DepEd Assistant Secretary Jesus Mateo said parents who still have financial obligations with private schools are unable to get the required Form 137 or the document which confirms the grade level completed by the transferee.

Mateo said DepEd intercedes by asking the private school to at least provide the public school with a xerox copy of the document so the student can already start his or her classes.

He said the original document and a copy of the student's grades still need to be submitted within the first semester.

Mateo said allowing the student to transfer does not mean the parents can renege on their financial obligations with the private school. The DepEd simply wants to make sure the transferee's schooling is not hampered.

DepEd data showed that since 2011, the yearly number of complaints, reports and other inquiries received by the Deped Command Center the week before the start of classes have consistently gone down.

In 2011, a total of 316 reports/complaints have been filed. But for this year, from May 26 to June 1, only 150 have come in.

Mateo attributed this decline to their successful and early information dissemination campaign on different back-to-school issues.

Aside from transfer concerns, other complaints received by DepEd include questions on school fees and other compulsory contributions such as Boy Scout membership.

In these cases, the DepEd calls the school superintendent to investigate the matter to ensure that the "no collection fee" policy will be strictly enforced.

The Command Center, which started last May 26, is open daily from 7am-6pm, until June 6.

Other Oplan Balik Eskuwela information centers are also open in every region throughout the country.


The DepEd will not implement a 3-day school week in the National Capital Region (NCR) for school year 2014-2015.

Mateo said the proposal still needs to be studied by the agency.

Other interventions to address congested schools such as bussing and Alternative Delivery Modes (ADM) are being implemented.

Bussing involves the transport of students from a congested school to one with better absorptive capacity.

The education department is in talks with local government units to implement bussing programs for students.
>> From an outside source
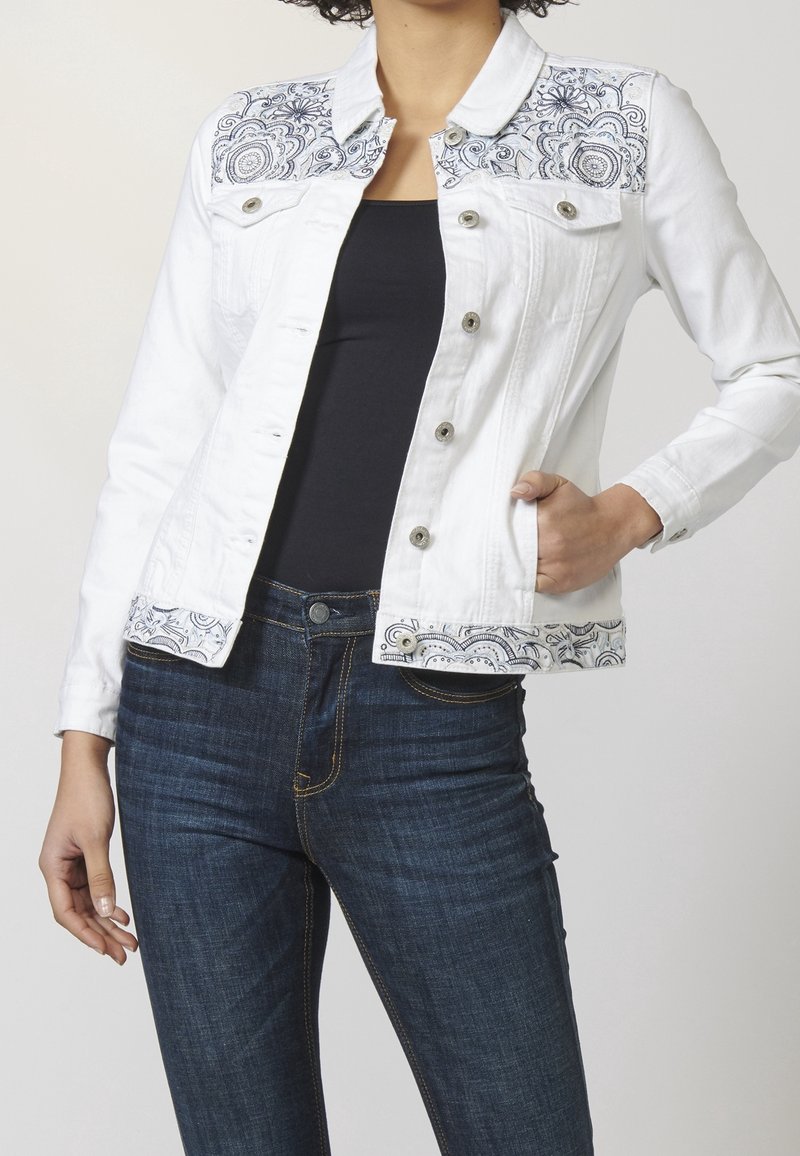 White denim jacket featuring a patterned embroidery on the chest and cuffs. The design includes blue accents and a classic collar.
At present, only Valenzuela City has a working arrangement to transport 140 students from Malinta Elementary School-Pinalagad Annex to Caruhatan West Elementary School.

DepEd division and school vehicles will be used for the program. Gas will be shouldered by local school board funds.

Mateo admitted that congestion in classrooms is an urban problem.

"What we have is a distribution problem in urban areas, especially certain areas of NCR...Many schools in the provinces have lower than average ratios and large campuses. The problem with NCR in particular is not an issue on funds but on buildable space. We have the budget for classrooms but no more space for new buildings," he said.

He also said since public schools cannot turn away enrollees, school heads try to plan ahead through early enrollment as early as January.

But sometimes there is a surge in enrollment and they have to improvise, thus the reason for congested classrooms.


Mateo also assured that teachers in areas devastated by super typhoon Yolanda last year are ready to work even though some schools have not yet been completely rebuilt.

Temporary learning stations have been erected for students whose schools are still under construction, he said.

"Classes will not be disrupted as much as possible. Whether in new classrooms or temporary spaces, our learners will continue to study. The government policy is to Build Back Better. This means we cannot erect the same old structures. But building better means more time and money," he said.